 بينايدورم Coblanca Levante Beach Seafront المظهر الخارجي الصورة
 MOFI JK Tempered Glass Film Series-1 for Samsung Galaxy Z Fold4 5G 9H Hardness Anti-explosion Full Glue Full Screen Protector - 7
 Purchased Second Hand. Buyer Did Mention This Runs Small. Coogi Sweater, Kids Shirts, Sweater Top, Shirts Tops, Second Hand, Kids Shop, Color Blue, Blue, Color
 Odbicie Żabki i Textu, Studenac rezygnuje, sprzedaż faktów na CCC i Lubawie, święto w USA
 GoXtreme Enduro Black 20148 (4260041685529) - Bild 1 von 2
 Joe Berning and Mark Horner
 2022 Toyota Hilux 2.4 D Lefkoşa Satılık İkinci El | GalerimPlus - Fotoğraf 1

________

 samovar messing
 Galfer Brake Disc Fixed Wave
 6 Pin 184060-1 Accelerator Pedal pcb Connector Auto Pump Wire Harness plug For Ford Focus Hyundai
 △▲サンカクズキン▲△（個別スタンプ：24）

________

What the task requires: Of all the entries above, retype exactly the lines from the line with "بينايدورم Coblanca Levante" to the line with "2022 Toyota Hilux", both included, and no others.

Exercise solution:
 بينايدورم Coblanca Levante Beach Seafront المظهر الخارجي الصورة
 MOFI JK Tempered Glass Film Series-1 for Samsung Galaxy Z Fold4 5G 9H Hardness Anti-explosion Full Glue Full Screen Protector - 7
 Purchased Second Hand. Buyer Did Mention This Runs Small. Coogi Sweater, Kids Shirts, Sweater Top, Shirts Tops, Second Hand, Kids Shop, Color Blue, Blue, Color
 Odbicie Żabki i Textu, Studenac rezygnuje, sprzedaż faktów na CCC i Lubawie, święto w USA
 GoXtreme Enduro Black 20148 (4260041685529) - Bild 1 von 2
 Joe Berning and Mark Horner
 2022 Toyota Hilux 2.4 D Lefkoşa Satılık İkinci El | GalerimPlus - Fotoğraf 1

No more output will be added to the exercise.